++++ Material provided ++++
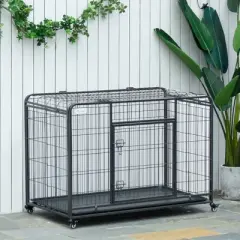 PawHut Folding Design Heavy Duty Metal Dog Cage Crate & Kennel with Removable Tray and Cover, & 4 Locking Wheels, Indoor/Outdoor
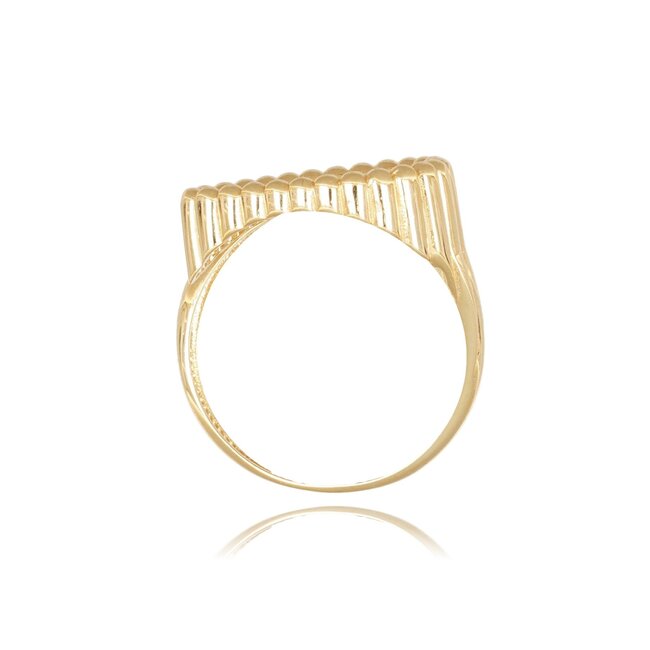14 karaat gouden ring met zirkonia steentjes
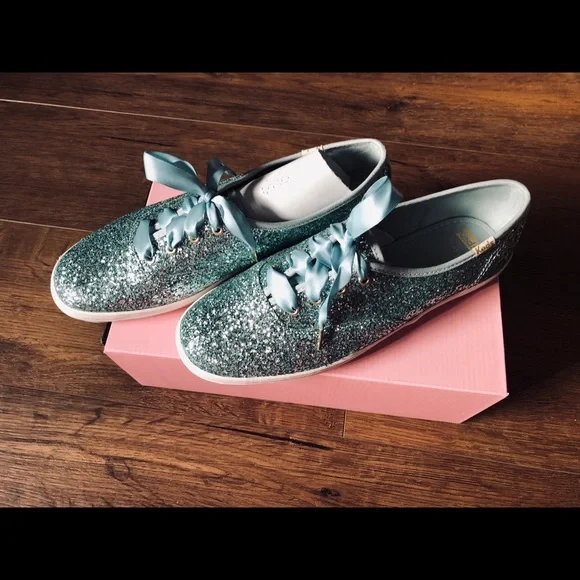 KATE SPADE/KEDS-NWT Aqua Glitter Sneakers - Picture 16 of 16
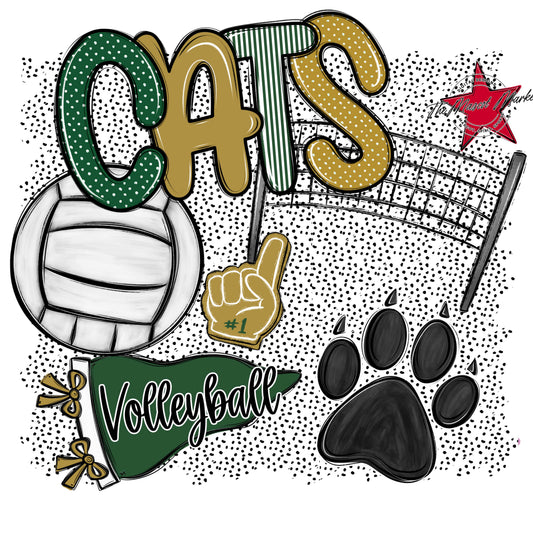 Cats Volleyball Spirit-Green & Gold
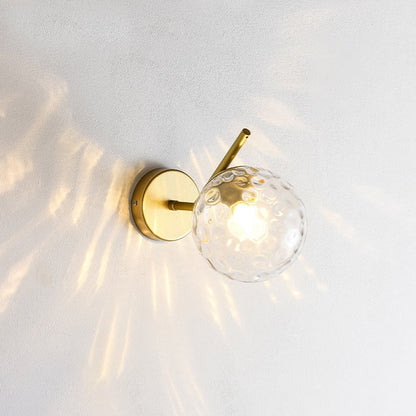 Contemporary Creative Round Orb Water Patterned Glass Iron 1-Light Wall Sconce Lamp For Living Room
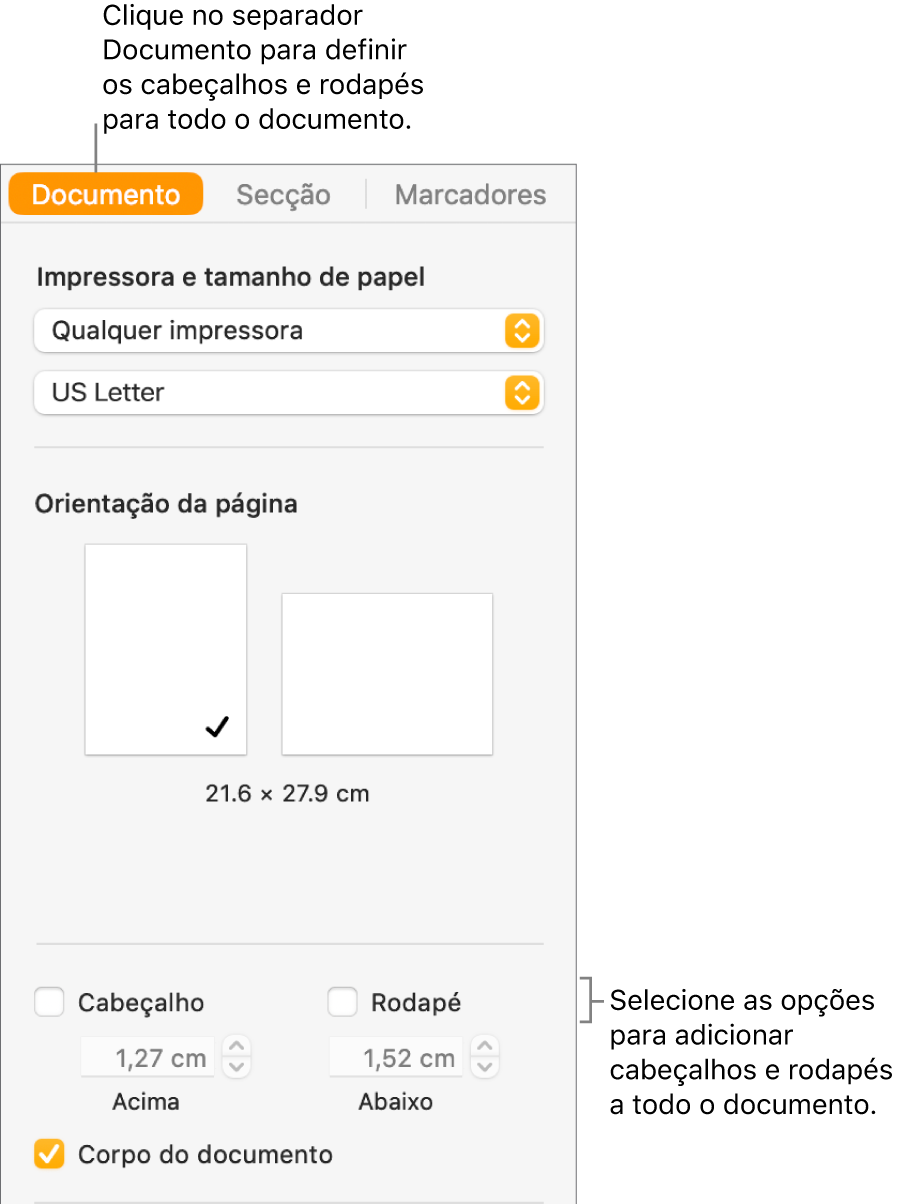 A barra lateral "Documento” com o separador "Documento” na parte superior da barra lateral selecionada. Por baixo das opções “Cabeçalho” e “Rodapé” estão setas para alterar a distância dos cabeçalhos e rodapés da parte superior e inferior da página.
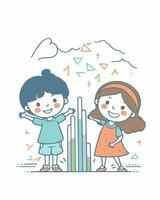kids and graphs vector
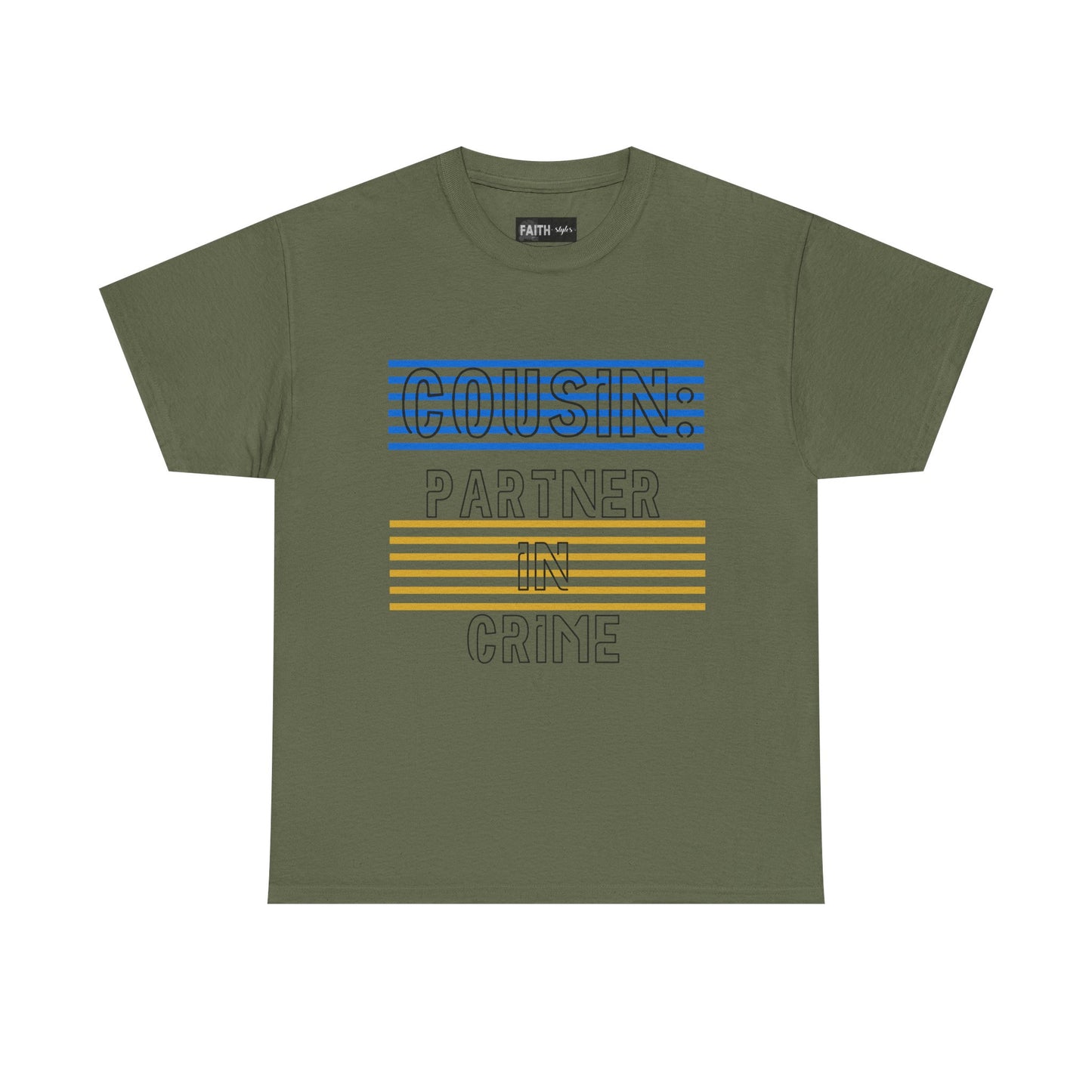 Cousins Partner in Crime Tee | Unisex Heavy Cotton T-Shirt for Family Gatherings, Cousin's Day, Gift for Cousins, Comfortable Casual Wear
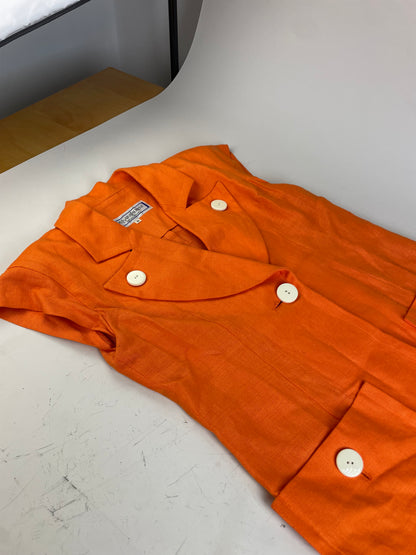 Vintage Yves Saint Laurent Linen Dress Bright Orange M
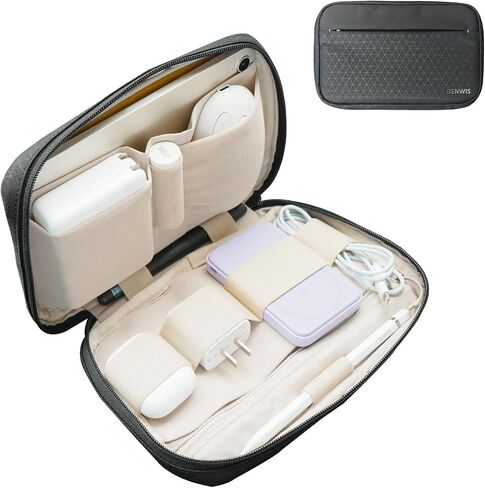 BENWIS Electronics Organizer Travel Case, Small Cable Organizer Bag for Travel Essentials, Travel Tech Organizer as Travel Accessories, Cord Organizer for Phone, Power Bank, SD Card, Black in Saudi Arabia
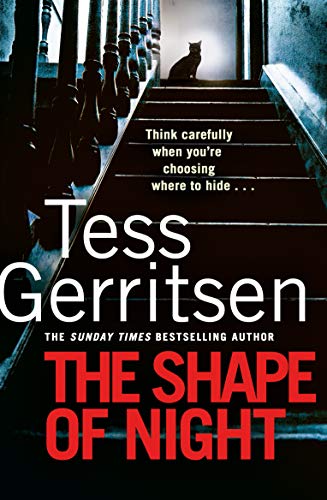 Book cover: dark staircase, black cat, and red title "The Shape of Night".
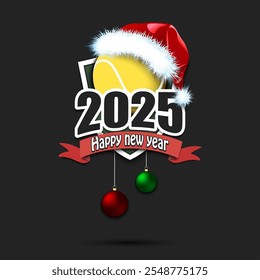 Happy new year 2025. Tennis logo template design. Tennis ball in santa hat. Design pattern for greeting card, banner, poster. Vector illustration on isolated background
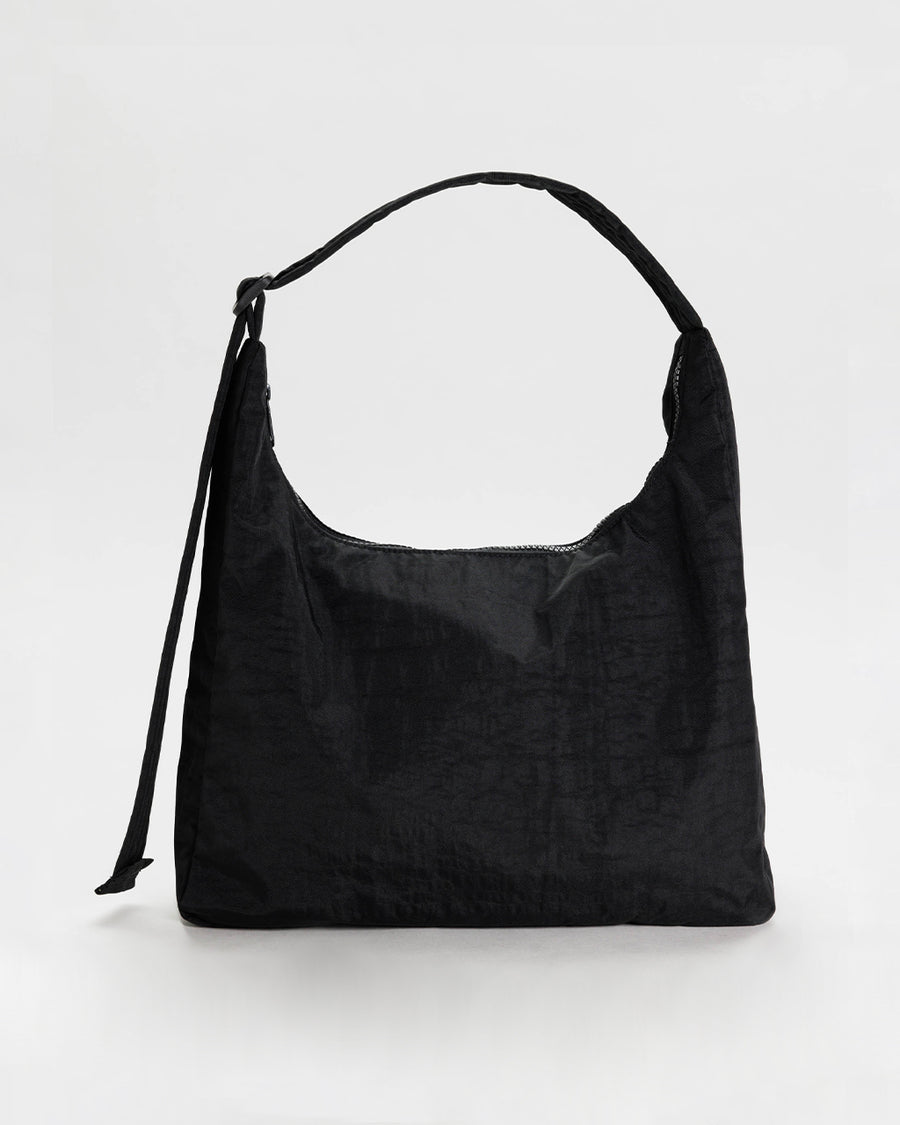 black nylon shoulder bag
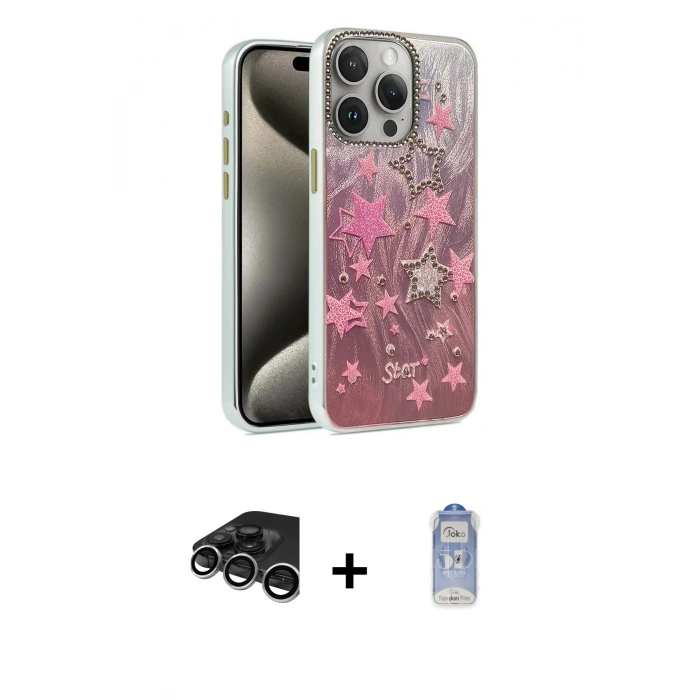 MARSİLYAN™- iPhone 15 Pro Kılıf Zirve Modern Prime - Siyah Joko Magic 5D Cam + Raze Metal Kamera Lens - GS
++++
- [Exercise goal]: Your task is to repeat the listing exactly while omitting its pictures.

- [Your solution]:
 PawHut Folding Design Heavy Duty Metal Dog Cage Crate & Kennel with Removable Tray and Cover, & 4 Locking Wheels, Indoor/Outdoor
14 karaat gouden ring met zirkonia steentjes
 KATE SPADE/KEDS-NWT Aqua Glitter Sneakers - Picture 16 of 16
 Cats Volleyball Spirit-Green & Gold
 Contemporary Creative Round Orb Water Patterned Glass Iron 1-Light Wall Sconce Lamp For Living Room
 A barra lateral "Documento” com o separador "Documento” na parte superior da barra lateral selecionada. Por baixo das opções “Cabeçalho” e “Rodapé” estão setas para alterar a distância dos cabeçalhos e rodapés da parte superior e inferior da página.
kids and graphs vector
 Cousins Partner in Crime Tee | Unisex Heavy Cotton T-Shirt for Family Gatherings, Cousin's Day, Gift for Cousins, Comfortable Casual Wear
 Vintage Yves Saint Laurent Linen Dress Bright Orange M
 BENWIS Electronics Organizer Travel Case, Small Cable Organizer Bag for Travel Essentials, Travel Tech Organizer as Travel Accessories, Cord Organizer for Phone, Power Bank, SD Card, Black in Saudi Arabia
 Book cover: dark staircase, black cat, and red title "The Shape of Night".
 Happy new year 2025. Tennis logo template design. Tennis ball in santa hat. Design pattern for greeting card, banner, poster. Vector illustration on isolated background
 black nylon shoulder bag
 MARSİLYAN™- iPhone 15 Pro Kılıf Zirve Modern Prime - Siyah Joko Magic 5D Cam + Raze Metal Kamera Lens - GS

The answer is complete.